His country fully supported the Partnership for Open Government, and had expanded Internet access to all schools and free services to every citizen in all post offices nationwide. E-government and transparency would strengthen democracy and the law guaranteed free access for all citizens to all acts, decisions and expenditures of the Government.
Turning to regional affairs, Albania had excellent relations with neighbours and those in the region, and would like to further relations with Serbia. Kosovo also had an equally strong will for good neighbourly relations, he said. The International Court of Justice had decided in 2010 that the declaration of independence of Kosovo was in full compliance with international law. The Republic of Kosovo had been recognized by 80 States and he called upon the rest of the States, United Nations Member States, to recognize the free and independent State, which had become an important factor of regional peace, stability and cooperation.
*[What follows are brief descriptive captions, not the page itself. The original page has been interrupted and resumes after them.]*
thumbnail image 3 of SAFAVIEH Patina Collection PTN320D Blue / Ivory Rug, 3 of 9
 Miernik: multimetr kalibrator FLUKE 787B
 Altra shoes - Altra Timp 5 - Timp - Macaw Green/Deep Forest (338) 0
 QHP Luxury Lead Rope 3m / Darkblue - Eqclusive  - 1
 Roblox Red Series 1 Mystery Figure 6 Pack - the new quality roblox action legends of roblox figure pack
He also called on Serbia to adapt its positions in line with the International Court of Justice’s decision, thus demonstrating that it accepted and respected the international law in its entirety and not only those parts that served its case.
In accordance with the European Union Rule of Law Mission, the Kosovo multinational security force (KFOR) and other international institutions present in the country, Kosovo had implemented the highest standards in the region and beyond regarding the freedoms and rights of minorities. The most worrying problem for Serbs in Kosovo was tensions created and orchestrated for nationalistic purposes. Interethnic relations in all areas where Serbs and Albanians lived together were good. He said respect for borders in the Balkans was a fundamental condition of lasting peace and stability. Belgrade’s efforts to maintain parallel structures of authority in the three Serbian homogenous communes north of Mitrovica demonstrated it still believed in reshaping borders based on the failed idea of ethnically clean countries.
He also invited Serbia to cooperate with the search and return of the remains of 1,500 Albanians abducted and massacred in Serbian territory only for their nationality. Addressing allegations against Albanians regarding organ trafficking and mass graves, Albania had officially invited the European Union Rule of Law Mission to investigate all aspects that involved any part of the Albanian territories. He thanked the European Union Rule of Law Mission, reassuring the Mission that Albania would fully cooperate with the investigation team and would offer them all facilities needed to perform their tasks, so the truth could be brought to light.